AbstractPurpose of review
Failure of the embryo to implant remains the major limiting step in assisted reproductive techniques success rates. The existing evidence supports a possible role of glucocorticoids in improving the intrauterine environment and therefore embryo implantation. The present study aims to summarize the available evidence and make recommendations about the use of glucocorticoids.Recent findings
A recent meta-analysis on glucocorticoids to improve embryo implantation showed no beneficial effect in the routine IVF/intracytoplasmic sperm injection population, although a subgroup analysis of women undergoing IVF did show a borderline improvement in pregnancy rates.
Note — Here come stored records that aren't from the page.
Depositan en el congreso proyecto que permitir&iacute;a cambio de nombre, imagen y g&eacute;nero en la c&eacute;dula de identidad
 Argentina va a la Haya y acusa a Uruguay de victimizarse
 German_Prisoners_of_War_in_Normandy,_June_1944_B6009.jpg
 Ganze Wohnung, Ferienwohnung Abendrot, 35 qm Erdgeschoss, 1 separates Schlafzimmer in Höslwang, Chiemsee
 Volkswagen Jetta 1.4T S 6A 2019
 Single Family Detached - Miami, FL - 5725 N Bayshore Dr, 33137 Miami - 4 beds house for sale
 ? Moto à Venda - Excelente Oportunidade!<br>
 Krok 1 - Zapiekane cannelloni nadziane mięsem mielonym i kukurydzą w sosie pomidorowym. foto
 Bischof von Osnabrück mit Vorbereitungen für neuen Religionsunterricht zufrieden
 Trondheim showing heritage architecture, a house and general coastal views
Studies on women with autoantibodies or treatment cycles in which assisted hatching is performed have also indicated a benefit from glucocorticoid cotreatment. No significant improvement in pregnancy rates, however, has been demonstrated in women with recurrent implantation failure in whom assisted hatching is performed in combination with glucocorticoids. Conflicting results have been reported on the use of glucocorticoids to improve the ovarian response.Summary
Although evidence to support the empirical use of glucocorticoids to improve implantation is insufficient, these may be beneficial in specific patient groups. More studies are required to confirm the efficacy and safety of adjuvant glucocorticoid therapy, and they should only be empirically used in the context of randomized controlled trials.